Justice: Pas de double peine si la faute ne nuit pas à la réputation de la collectivité

Publié le par aigle 4

Des faits sans lien avec le service, aussi graves soient-ils, ne peuvent être sanctionnés disciplinairement s'ils n'ont aucun retentissement dans la presse ou dans la commune et si le maintien en fonctions de l'agent n'est pas de nature à troubler le fonctionnement du service.


Par une décision du 28 mars 2003, le maire d'une commune avait prononcé la révocation disciplinaire d'un agent. La commune fondait sa révocation sur le fait que l'intéressé avait été condamné par le tribunal correctionnel à trois ans de prison (dont un avec sursis) et à deux ans de mise à l'épreuve, pour agressions sexuelles sur mineure de 15 ans par ascendant. La commune soutenait que les faits condamnés portaient atteinte à la réputation de la collectivité et à la dignité des fonctions de l'agent. Le tribunal administratif (jugement du 20 février 2007) avait annulé la décision de révocation.


La juridiction d'appel a relevé que les faits reprochés à l'agent avaient été commis en dehors du service. La CAA a estimé que l'emploi de terrassier-fossoyeur en chef de la commune, que l'agent occupait, ne comportait pas de relations avec les mineurs. Dans ces conditions et compte tenu du niveau de responsabilité de l'agent au sein des services publics communaux, la CAA a considéré que les faits, si graves soient-ils, étaient sans lien avec le service.

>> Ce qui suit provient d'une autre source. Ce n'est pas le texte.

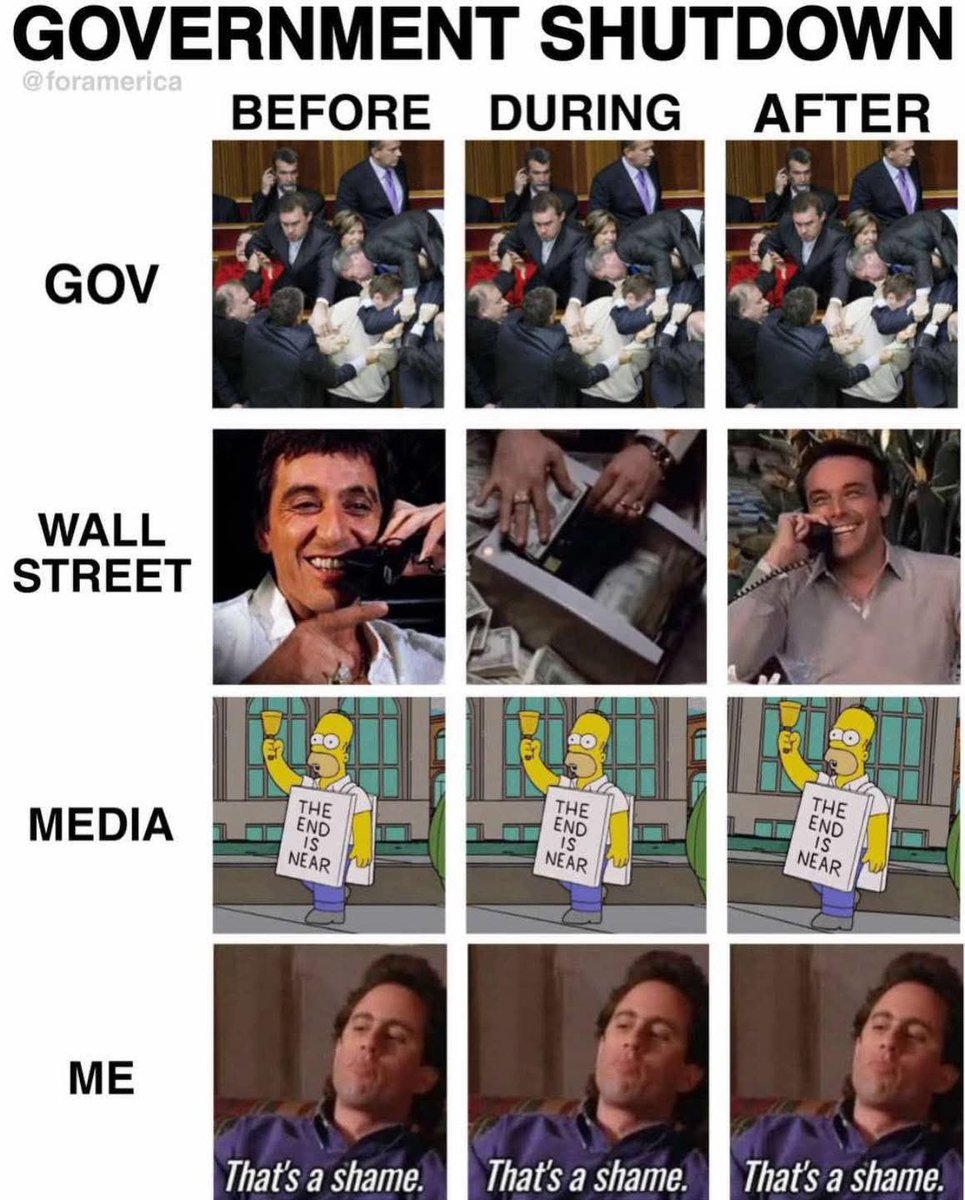 Nothing new around here just business as usual.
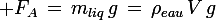 \large F_A\,=\,m_{liq}\,g\,=\,\rho_{eau}\,V\,g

La CAA a également constaté qu'il n'était pas établi que les agissements et le procès auquel ils avaient donné lieu, auraient été rapportés dans la presse ou aurait eu un retentissement quelconque dans la commune, ni que le maintien en fonctions de l'agent aurait été de nature à troubler le fonctionnement du service. La CAA a estimé que l'affaire n'avait en conséquence pas porté atteinte au bon renom de l'administration municipale.

 

Il a été conclu que c'est par une exacte qualification des faits que le TA avait estimé qu'ils n'avaient pas le caractère d'une faute disciplinaire et ne pouvaient en conséquence justifier une sanction.

 

(CAA Douai - 28 mai 2008 - n° 07 DA 00492).